◆ **EXERCISE**: Verbatim copy, pictures excluded: every line from the one with "Ballistic Electron Transport" through the final line of the data below, and no other line.

======== RECORDS FOR THIS EXERCISE ========

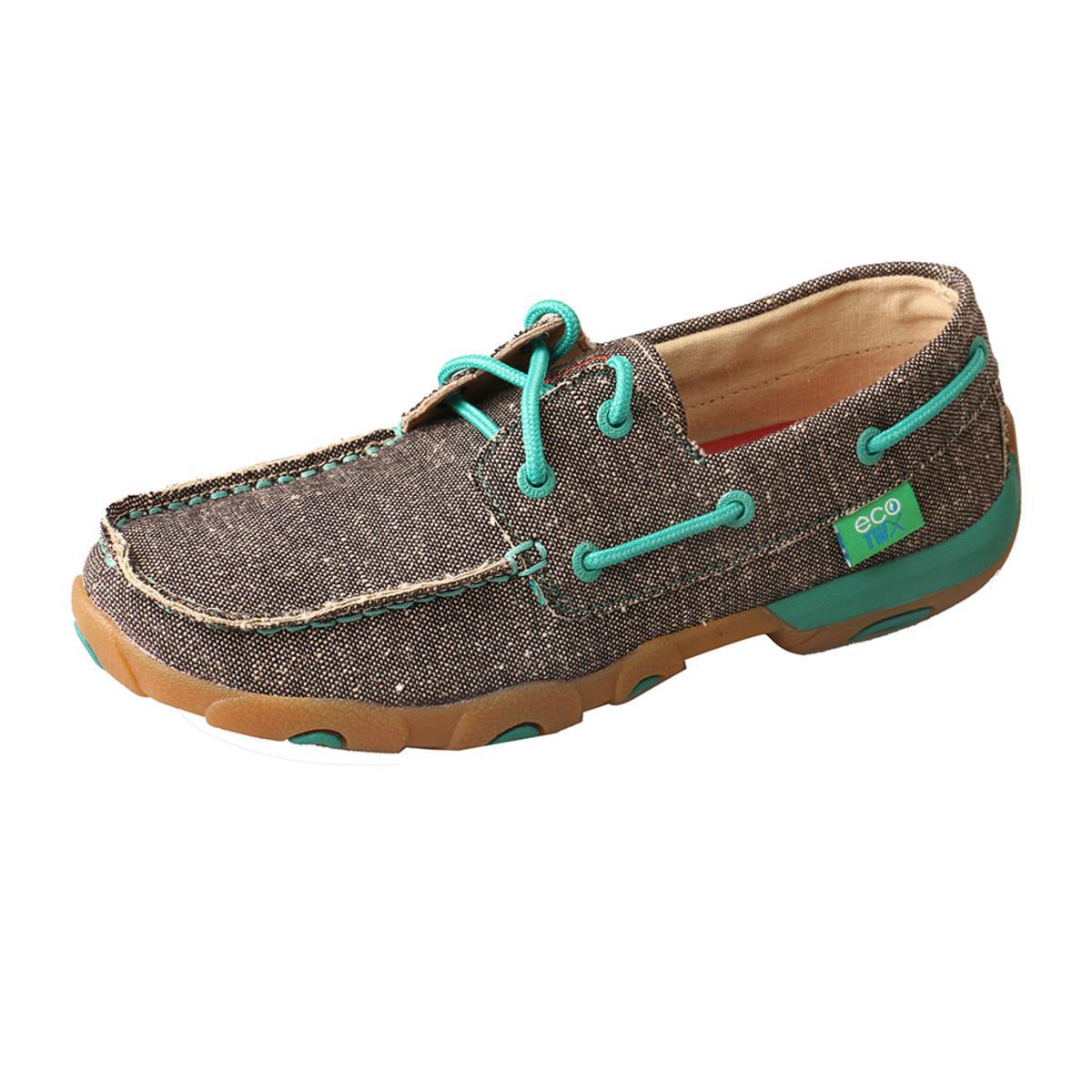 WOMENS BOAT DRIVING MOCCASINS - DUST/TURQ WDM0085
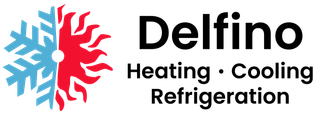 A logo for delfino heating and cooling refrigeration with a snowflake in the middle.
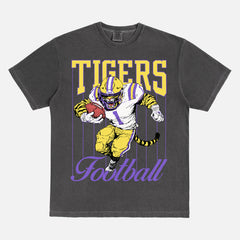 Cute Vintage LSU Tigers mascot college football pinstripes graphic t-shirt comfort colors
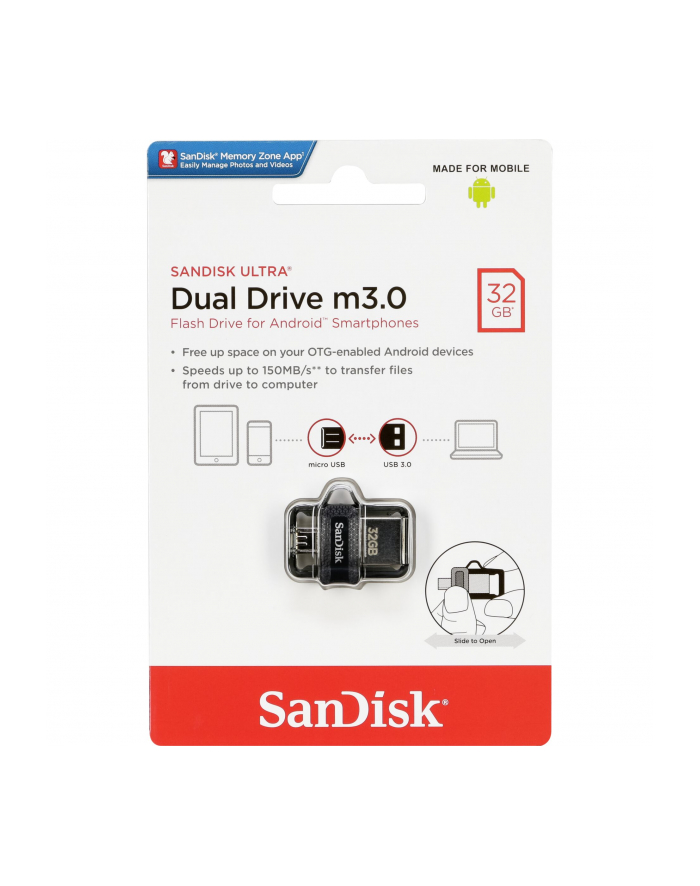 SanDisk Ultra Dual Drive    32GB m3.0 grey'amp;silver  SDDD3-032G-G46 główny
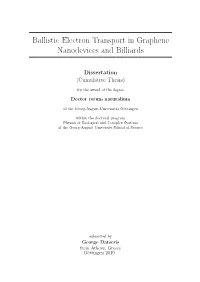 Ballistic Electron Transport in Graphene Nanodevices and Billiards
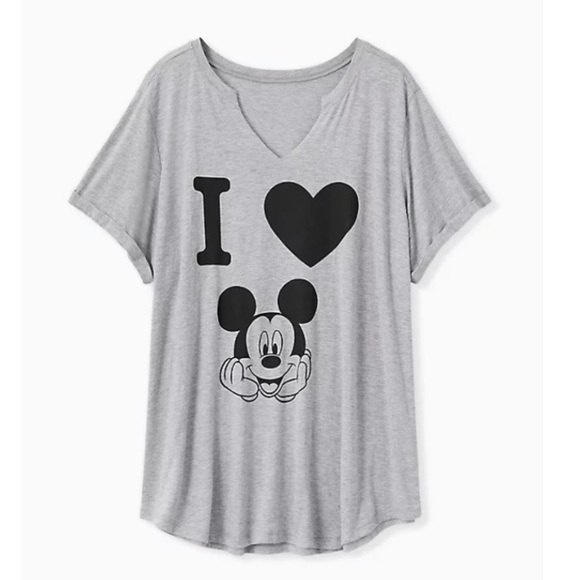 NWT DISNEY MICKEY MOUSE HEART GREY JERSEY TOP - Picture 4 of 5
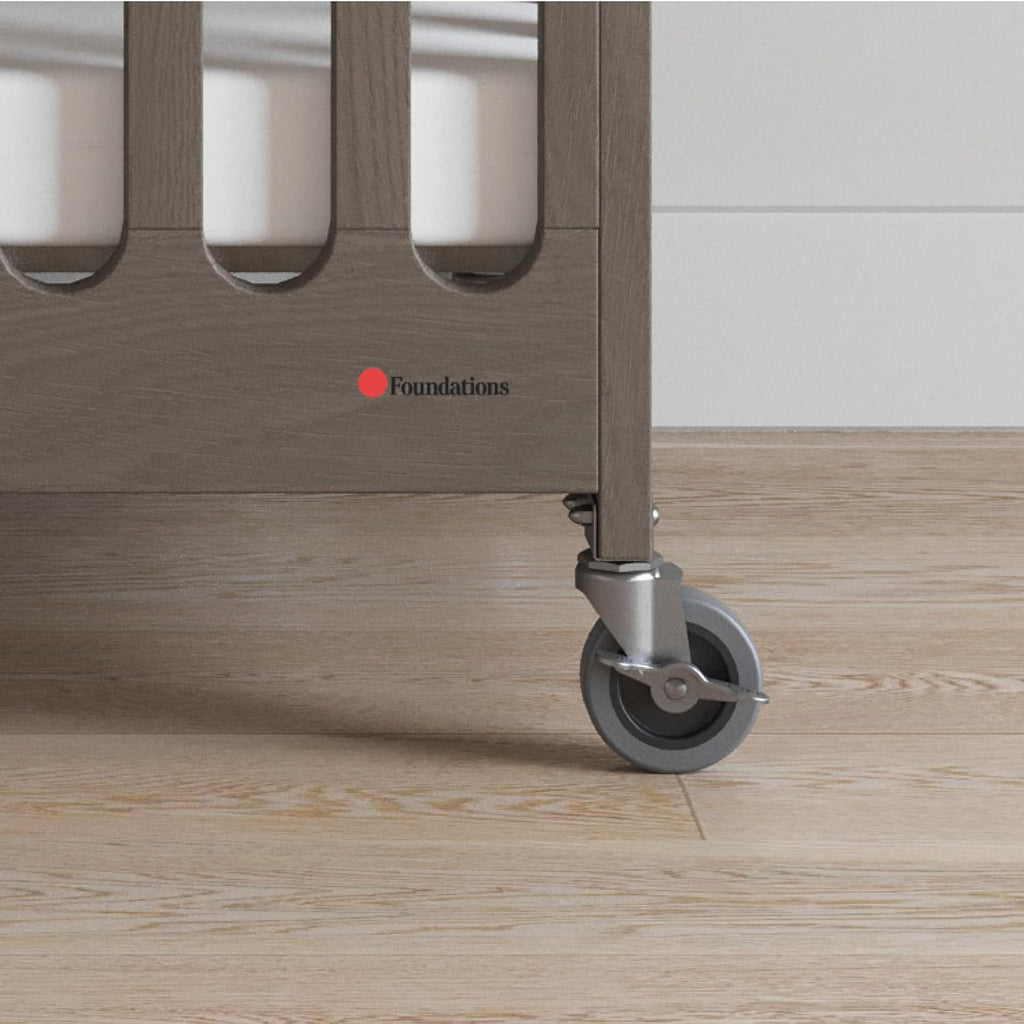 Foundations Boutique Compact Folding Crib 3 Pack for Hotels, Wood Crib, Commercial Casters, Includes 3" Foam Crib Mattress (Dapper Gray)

========

◆ **SOLUTION BELOW**:
 Ballistic Electron Transport in Graphene Nanodevices and Billiards
 NWT DISNEY MICKEY MOUSE HEART GREY JERSEY TOP - Picture 4 of 5
 Foundations Boutique Compact Folding Crib 3 Pack for Hotels, Wood Crib, Commercial Casters, Includes 3" Foam Crib Mattress (Dapper Gray)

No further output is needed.